Together they are the heart, head, and soul of the Broadway production of Irving Berlin’s White Christmas. McCollum would like to see the show lead to making limited-run, full, two-act musicals financially viable. Gore sees the show bringing hope in challenging times.
A Big, Old-Fashioned Musical:
Irving Berlin’s White Christmas debuted in 2004 in San Francisco, and has played in select cities at Christmas since. Audiences and critics have responded enthusiastically.
“We’re about 53 percent recouped,” McCollum said, on an initial $4 million raised.
It’s a big, old-fashioned show, featuring a 33-member cast, dazzling production numbers, and, of course, snowfall.

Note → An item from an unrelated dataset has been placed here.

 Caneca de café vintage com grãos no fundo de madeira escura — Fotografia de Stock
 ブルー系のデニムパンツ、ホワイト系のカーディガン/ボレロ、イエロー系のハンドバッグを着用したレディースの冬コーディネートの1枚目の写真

And they got top Broadway talent to bring it along including director Walter Bobbie (Chicago), choreographer Randy Skinner (42nd Street), and David Ives (Is He Dead?) for the book.
More than a Holiday Show:
For the show to have the life producers believe it deserves, they want it to reach beyond the holiday season.
“The goal is to make the show a year-round property,” McCollum said. So, for year-round theaters, the holidays make sense, but companies with summer runs can do a “Christmas in July” show.
And getting to Broadway might help make that a possibility.
When Cry-Baby closed after a short run this summer, with 9 to 5 set to go in next spring, suddenly the 1600-seat Marquis Theatre became available.
“That made Broadway possible,” McCollum said. “We couldn’t afford a Times Square billboard, and it even has a marquee on Broadway.”
Footing the Broadway bill for a limited-run show sent producers after additional partners, and McCollum credits John Gore with helping make White Christmas in New York a reality.
An Eye to the Brand:
Gore is no stranger to marketing unique stage properties. He produced Thunderbirds F.A.B. and Wallace & Gromit in the West End. And he quickly pointed out the benefits not only of the song “White Christmas” as a brand, but the hope it engenders as well.
“Since (the financial crisis of) September, people are looking for hope,” he said. “This song has been a part of people’s lives since World War II.”
Both Gore and McCollum pointed to the importance of being a “Broadway” show for the extended life of the musical on the road.
Irving Berlin’s White Christmas features all the songs familiar to fans of the movie. But working with the Rodgers and Hammerstein Foundation, which administers the Irving Berlin catalogue, producers secured rights to additional Berlin songs as well.
And so far, the results have been good.
Originally slated for a 63-show run, November 14 through January 4, demand led producers to add two additional shows.
“In an economic environment where shows are closing or scaling back,” McCollum said, “I think it speaks volumes that we’re adding two performances.”